A.   Bahasa Indonesia sebagai Bahasa Resmi Kenegaraan
Pemakaian pertama yang membuktikan bahwa bahasa Indonesia sebagai bahasan resmi kenegaraan adalah digunakannya bahasa Indonesia dalam naskah proklamasi kemerdekaan RI 1945.  Dalam kaitan dengan fungsi ini, sebagai bahasa Negara, bahasa Indonesia di pakai untuk Hal-hal kenegaraan. Misalnya, bahasa Indonesia di pakai pada semua upacara, peristiwa dan   kegiatan kenegaraan, baik secara lisan maupun dalam bentuk tulisan. Pidato-pidato resmi, dokumen-dokumen, keputusan-keputusan, dan surat-surat resmi harus di tulis dalam bahasa Indonesia.Upacara-upacara kenegaraan juga dilangsungkan dengan bahasa Indonesia. Sehubungan dengan ini kita patut bangga terhadap presiden kita, Soeharto yang selalu menggunakan bahasa Indonesia dalam situsi apa dan kapan pun selama beliau mengatasnamakan kepala negara atau pemerintah.  

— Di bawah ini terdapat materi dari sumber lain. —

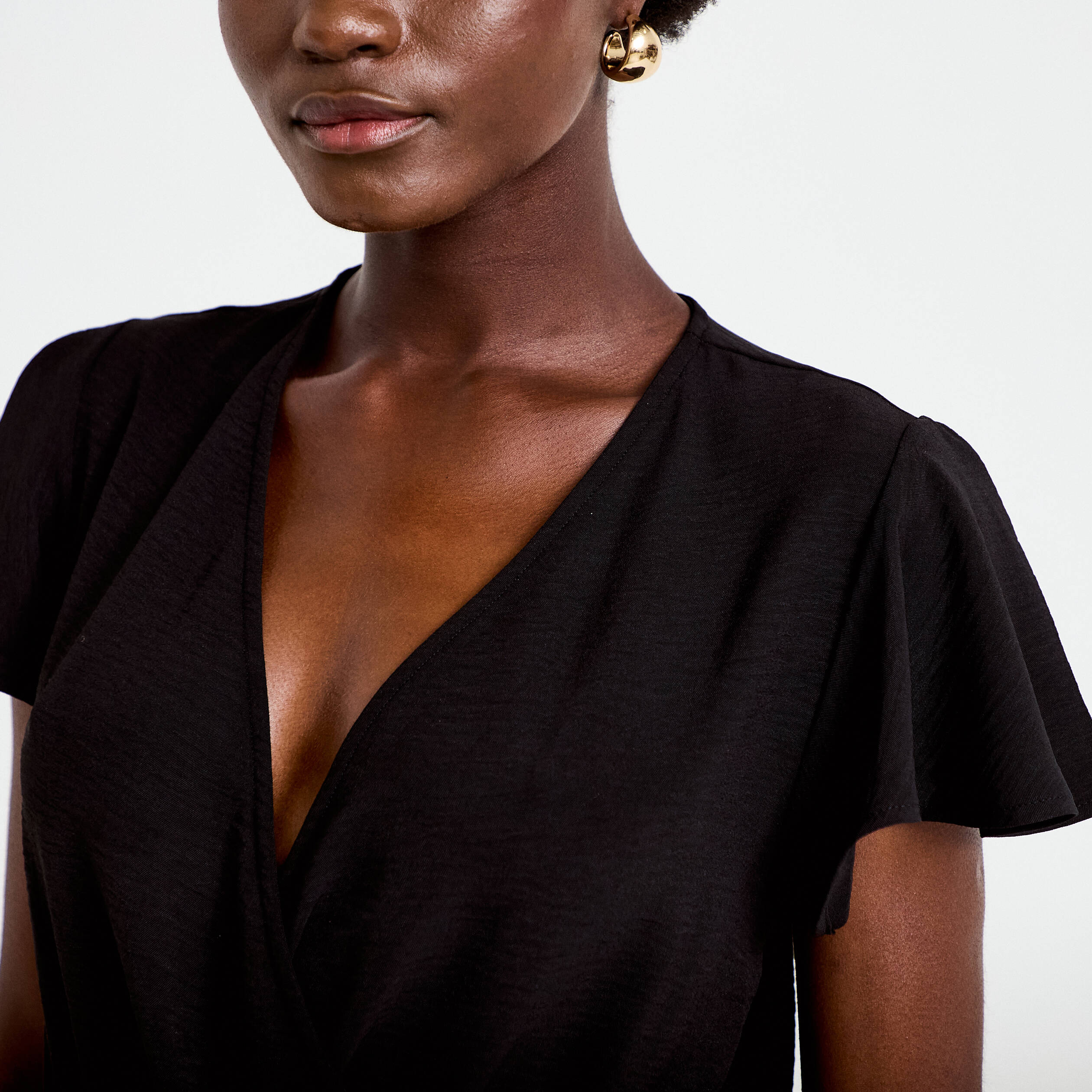 Robe courte &eacute;vas&eacute;e col v manches courtes noir femme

  Untuk melaksanakan fungsi bahasa Indonesia sebagai bahasa resmi kenegaraan, pemakaian bahasa Indonesia perlu di kembangkan. Penguasaan bahasa Indonesia perlu di jadikan salah satu faktor penentu di dalam pengembangan tugas pemerintahan. Misalnya, penerimaan pegawai baru dan kenaikan pangkat, baik sipil maupun militer, serta pemberian tugas khusus di dalam maupun di luar negeri. Di samping itu, mutu kebahasaan yang di pakai pada siaran radio, televisi, dan surat kabar perlu di tingkatkan  dan di kembangkan lebih baik lagi. Karena semua itu adalah media  yang di lihat dan di dengar  oleh masyarakat tiap harinya. Sehingga, kita harus menggunakan kata- kata yang baik da benar, agar dapat di mengerti oleh semua kalangan. Dimana bahasa Indonesia dalam hal ini di posisikan sebagai bahasa nasional yang  dapat di mengerti masyarakat luas.  Sehingga, tidak terjadi kesalahpahaman di dalam masyarakat dalam menerima informaszi yang di sampaikan.

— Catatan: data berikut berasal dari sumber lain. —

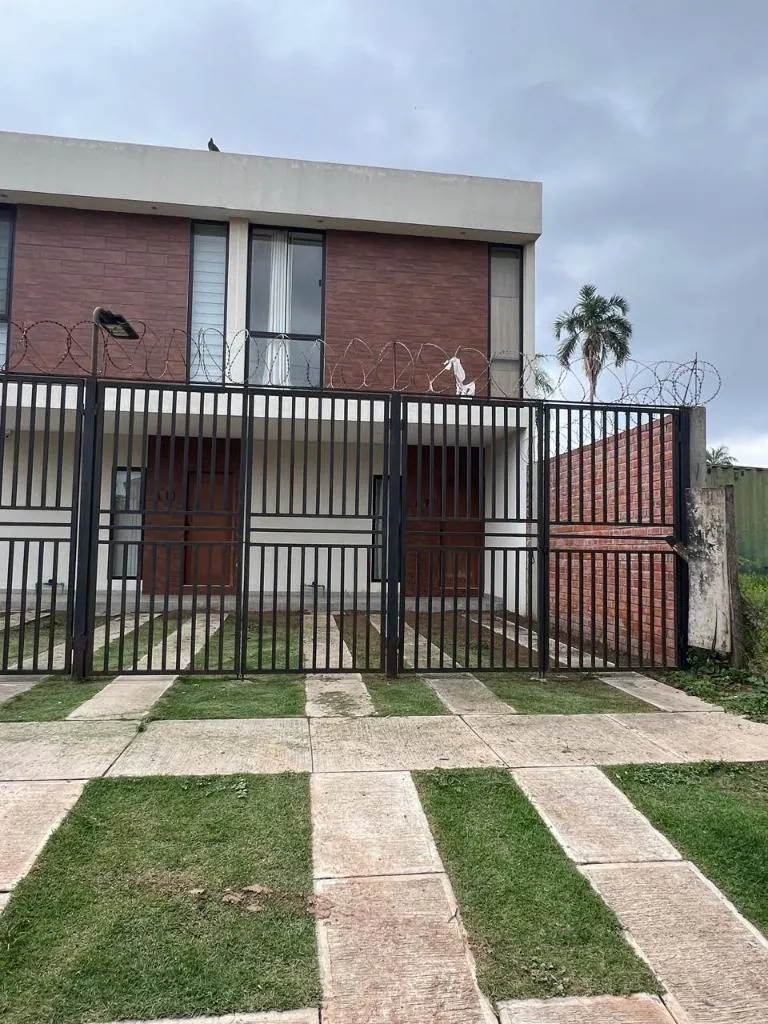 Furnished 2-bedroom house in a gated community for sale in the North: foto 1 de 10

B.    Bahasa Indonesia sebagai Bahasa Pengantar dalam Dunia Pendidikan
Sebagai bahasa resmi, bahasa Indonesia dipakai sebagai bahasa pengantar dilembaga-lembaga pendidikan mulai dari taman kanak-kanak sampai dengan perguruan tinggi. Hanya saja untuk kepraktisan, beberapa lembaga pendidikan rendah yang anak didiknya hanya menguasai bahasa ibunya (bahasa daerah) menggunakan bahasa pengantar bahasa daerah anak didik yang bersangkutan. Halini dilakukan sampai kelas tiga Sekolah Dasar. Sebagai konsekuensi pemakaian bahasa Indonesia sebagai bahasa pengantar dilembaga pendidikan tersebut, maka materi pelajaran yang berbentuk media cetak hendaknya juga berbahasa Indonesia. Hal ini dapat dilakukan dengan menerjemahkan buku-buku yang berbahasa asing atau menyusunnya sendiri. Apabila hal ini dilakukan, sangatlah membantu peningkatan perkembangan bahasa Indonesia sebagai bahasa ilmu pengetahuan dan teknolologi (iptek). Mungkin pada saat mendatang bahasa Indonesia berkembang sebagai bahasa iptek yang sejajar dengan bahasa Inggris.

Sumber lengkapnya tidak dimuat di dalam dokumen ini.